**** Record extracts ****

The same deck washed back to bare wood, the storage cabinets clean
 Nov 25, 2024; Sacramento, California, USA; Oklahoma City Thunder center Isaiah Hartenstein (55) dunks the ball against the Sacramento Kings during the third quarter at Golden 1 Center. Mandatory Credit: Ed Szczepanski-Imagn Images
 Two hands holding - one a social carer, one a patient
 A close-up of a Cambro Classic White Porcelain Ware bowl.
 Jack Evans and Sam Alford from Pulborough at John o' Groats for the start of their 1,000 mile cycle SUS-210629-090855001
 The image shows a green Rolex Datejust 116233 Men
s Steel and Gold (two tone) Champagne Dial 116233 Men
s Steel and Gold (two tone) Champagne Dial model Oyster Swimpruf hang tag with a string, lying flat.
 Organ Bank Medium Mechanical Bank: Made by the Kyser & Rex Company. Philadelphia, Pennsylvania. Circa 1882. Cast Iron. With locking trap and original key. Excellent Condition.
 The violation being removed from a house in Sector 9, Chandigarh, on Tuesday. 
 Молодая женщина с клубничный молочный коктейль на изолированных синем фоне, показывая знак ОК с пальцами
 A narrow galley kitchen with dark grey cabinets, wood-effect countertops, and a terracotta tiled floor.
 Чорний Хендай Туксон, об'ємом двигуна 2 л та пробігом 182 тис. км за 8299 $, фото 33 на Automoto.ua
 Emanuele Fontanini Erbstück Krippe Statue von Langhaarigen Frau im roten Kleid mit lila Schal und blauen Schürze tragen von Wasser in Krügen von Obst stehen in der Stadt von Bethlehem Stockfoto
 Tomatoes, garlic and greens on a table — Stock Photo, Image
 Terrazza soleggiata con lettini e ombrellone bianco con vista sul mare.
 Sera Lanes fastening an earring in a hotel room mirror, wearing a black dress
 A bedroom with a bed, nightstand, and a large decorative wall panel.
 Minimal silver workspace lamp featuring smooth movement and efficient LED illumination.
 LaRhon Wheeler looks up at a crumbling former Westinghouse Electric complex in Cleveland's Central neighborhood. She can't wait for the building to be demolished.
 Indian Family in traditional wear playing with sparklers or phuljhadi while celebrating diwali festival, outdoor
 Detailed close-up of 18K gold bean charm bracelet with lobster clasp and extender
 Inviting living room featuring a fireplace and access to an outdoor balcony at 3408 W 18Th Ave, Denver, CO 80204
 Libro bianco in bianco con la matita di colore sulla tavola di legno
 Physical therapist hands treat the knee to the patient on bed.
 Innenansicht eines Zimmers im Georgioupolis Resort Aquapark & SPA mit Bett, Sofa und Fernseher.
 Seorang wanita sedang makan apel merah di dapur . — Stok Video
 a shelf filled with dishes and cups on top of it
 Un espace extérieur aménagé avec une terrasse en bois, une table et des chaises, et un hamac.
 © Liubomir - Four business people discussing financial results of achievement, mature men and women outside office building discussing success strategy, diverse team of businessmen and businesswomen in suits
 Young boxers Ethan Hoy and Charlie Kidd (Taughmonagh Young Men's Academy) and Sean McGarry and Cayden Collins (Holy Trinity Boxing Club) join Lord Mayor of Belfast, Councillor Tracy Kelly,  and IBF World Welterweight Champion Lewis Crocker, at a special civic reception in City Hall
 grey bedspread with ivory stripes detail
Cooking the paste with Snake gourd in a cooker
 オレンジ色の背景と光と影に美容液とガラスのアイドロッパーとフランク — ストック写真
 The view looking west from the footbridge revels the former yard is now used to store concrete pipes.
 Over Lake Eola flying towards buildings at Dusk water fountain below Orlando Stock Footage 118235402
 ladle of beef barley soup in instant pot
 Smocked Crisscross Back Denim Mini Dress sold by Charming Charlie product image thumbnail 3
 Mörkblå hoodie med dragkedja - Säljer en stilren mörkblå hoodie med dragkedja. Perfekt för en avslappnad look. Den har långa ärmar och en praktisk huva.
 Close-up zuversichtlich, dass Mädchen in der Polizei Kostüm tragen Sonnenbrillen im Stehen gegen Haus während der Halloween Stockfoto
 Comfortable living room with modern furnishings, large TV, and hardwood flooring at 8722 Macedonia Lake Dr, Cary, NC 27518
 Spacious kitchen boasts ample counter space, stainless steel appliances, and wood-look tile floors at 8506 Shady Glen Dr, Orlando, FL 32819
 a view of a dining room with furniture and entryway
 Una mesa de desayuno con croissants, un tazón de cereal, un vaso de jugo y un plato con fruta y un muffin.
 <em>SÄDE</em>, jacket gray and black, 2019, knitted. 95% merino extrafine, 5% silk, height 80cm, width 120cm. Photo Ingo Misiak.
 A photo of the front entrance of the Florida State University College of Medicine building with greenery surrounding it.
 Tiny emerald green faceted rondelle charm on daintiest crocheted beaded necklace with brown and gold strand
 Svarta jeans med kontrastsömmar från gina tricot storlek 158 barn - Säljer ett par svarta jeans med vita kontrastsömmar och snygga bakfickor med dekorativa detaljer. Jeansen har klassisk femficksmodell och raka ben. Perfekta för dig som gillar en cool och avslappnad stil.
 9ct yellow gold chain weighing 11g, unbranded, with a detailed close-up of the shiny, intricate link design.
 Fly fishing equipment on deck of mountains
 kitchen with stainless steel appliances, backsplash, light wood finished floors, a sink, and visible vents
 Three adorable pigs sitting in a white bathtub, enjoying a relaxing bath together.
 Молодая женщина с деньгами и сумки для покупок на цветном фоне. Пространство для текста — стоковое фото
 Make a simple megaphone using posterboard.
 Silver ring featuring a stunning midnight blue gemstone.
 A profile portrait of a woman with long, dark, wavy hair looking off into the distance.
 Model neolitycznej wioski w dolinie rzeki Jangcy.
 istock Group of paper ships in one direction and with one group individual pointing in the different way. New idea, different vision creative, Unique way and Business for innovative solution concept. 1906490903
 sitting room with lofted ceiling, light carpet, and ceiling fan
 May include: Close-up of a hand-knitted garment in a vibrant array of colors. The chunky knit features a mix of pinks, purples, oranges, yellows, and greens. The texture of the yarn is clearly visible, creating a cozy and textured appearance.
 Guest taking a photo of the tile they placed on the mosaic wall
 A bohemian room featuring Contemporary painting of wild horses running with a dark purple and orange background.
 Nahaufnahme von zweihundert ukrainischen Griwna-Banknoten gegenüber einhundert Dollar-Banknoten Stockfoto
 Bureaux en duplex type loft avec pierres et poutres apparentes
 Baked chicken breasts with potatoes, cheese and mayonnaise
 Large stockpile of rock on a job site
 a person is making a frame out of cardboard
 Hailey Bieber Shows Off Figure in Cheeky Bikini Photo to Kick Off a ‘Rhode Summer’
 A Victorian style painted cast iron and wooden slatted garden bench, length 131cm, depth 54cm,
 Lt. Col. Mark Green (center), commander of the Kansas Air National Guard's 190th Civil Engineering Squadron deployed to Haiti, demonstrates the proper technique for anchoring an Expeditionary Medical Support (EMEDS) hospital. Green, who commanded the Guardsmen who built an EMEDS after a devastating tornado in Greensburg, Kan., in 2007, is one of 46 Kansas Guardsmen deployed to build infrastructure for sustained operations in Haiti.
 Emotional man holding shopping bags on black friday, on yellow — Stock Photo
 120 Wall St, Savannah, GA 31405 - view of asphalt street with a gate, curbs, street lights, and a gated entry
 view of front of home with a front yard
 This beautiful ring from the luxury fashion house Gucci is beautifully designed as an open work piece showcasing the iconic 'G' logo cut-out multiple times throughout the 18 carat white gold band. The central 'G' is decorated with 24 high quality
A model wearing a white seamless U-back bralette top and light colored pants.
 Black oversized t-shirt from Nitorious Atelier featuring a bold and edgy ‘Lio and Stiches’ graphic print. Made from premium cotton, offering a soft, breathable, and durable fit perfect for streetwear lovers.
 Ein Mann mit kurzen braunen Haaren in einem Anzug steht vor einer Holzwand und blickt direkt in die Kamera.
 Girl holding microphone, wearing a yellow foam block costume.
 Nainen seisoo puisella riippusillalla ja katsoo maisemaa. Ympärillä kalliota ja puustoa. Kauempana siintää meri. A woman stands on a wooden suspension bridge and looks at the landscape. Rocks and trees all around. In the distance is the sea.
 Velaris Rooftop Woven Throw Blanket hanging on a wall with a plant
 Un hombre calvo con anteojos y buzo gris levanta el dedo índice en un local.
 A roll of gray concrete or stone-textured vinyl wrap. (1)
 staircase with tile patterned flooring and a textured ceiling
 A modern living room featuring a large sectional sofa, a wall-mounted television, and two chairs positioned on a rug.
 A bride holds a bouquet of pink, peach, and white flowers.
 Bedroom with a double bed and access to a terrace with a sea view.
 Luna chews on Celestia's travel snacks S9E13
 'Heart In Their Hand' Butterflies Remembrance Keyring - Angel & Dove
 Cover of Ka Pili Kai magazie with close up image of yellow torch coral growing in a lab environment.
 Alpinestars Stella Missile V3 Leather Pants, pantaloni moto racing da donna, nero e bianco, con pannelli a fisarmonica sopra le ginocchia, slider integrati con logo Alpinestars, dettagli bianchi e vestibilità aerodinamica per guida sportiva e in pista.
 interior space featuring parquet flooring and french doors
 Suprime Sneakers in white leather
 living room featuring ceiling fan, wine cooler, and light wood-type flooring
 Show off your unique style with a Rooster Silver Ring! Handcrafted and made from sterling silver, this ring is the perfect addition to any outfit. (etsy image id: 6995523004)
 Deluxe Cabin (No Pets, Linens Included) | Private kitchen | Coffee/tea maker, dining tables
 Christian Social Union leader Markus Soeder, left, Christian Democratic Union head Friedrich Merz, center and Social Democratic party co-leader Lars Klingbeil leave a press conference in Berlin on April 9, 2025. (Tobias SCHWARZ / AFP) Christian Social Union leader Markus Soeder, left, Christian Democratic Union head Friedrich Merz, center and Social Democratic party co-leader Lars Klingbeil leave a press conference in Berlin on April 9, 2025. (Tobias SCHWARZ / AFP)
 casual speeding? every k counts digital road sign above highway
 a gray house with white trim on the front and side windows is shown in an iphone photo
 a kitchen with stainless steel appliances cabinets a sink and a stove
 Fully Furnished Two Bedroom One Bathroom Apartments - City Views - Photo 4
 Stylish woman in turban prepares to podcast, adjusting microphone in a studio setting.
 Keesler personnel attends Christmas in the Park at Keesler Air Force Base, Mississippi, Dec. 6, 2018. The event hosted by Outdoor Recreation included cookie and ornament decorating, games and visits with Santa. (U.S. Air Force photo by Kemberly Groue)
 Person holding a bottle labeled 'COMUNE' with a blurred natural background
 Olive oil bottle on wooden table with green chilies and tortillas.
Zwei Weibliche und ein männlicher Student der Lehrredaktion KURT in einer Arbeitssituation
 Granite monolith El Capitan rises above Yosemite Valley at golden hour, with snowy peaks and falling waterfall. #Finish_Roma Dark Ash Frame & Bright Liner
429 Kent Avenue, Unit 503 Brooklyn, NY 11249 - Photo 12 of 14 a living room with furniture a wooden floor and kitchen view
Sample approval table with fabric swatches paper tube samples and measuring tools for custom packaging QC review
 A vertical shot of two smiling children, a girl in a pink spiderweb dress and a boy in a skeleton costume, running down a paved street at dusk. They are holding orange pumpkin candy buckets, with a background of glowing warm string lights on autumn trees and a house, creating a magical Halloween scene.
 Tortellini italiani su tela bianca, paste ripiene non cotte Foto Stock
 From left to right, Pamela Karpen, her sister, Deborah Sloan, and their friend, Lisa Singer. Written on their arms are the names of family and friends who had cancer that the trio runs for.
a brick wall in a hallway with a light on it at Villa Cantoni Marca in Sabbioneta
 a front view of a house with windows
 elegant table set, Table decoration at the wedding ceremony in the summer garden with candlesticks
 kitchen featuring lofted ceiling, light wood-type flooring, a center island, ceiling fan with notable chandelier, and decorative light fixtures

****

Task directions:
With the line that has "a gray house" as the first and the line that has "Granite monolith El" as the last, repeat exactly that run of lines above and no more.

Task result:
 a gray house with white trim on the front and side windows is shown in an iphone photo
 a kitchen with stainless steel appliances cabinets a sink and a stove
 Fully Furnished Two Bedroom One Bathroom Apartments - City Views - Photo 4
 Stylish woman in turban prepares to podcast, adjusting microphone in a studio setting.
 Keesler personnel attends Christmas in the Park at Keesler Air Force Base, Mississippi, Dec. 6, 2018. The event hosted by Outdoor Recreation included cookie and ornament decorating, games and visits with Santa. (U.S. Air Force photo by Kemberly Groue)
 Person holding a bottle labeled 'COMUNE' with a blurred natural background
 Olive oil bottle on wooden table with green chilies and tortillas.
Zwei Weibliche und ein männlicher Student der Lehrredaktion KURT in einer Arbeitssituation
 Granite monolith El Capitan rises above Yosemite Valley at golden hour, with snowy peaks and falling waterfall. #Finish_Roma Dark Ash Frame & Bright Liner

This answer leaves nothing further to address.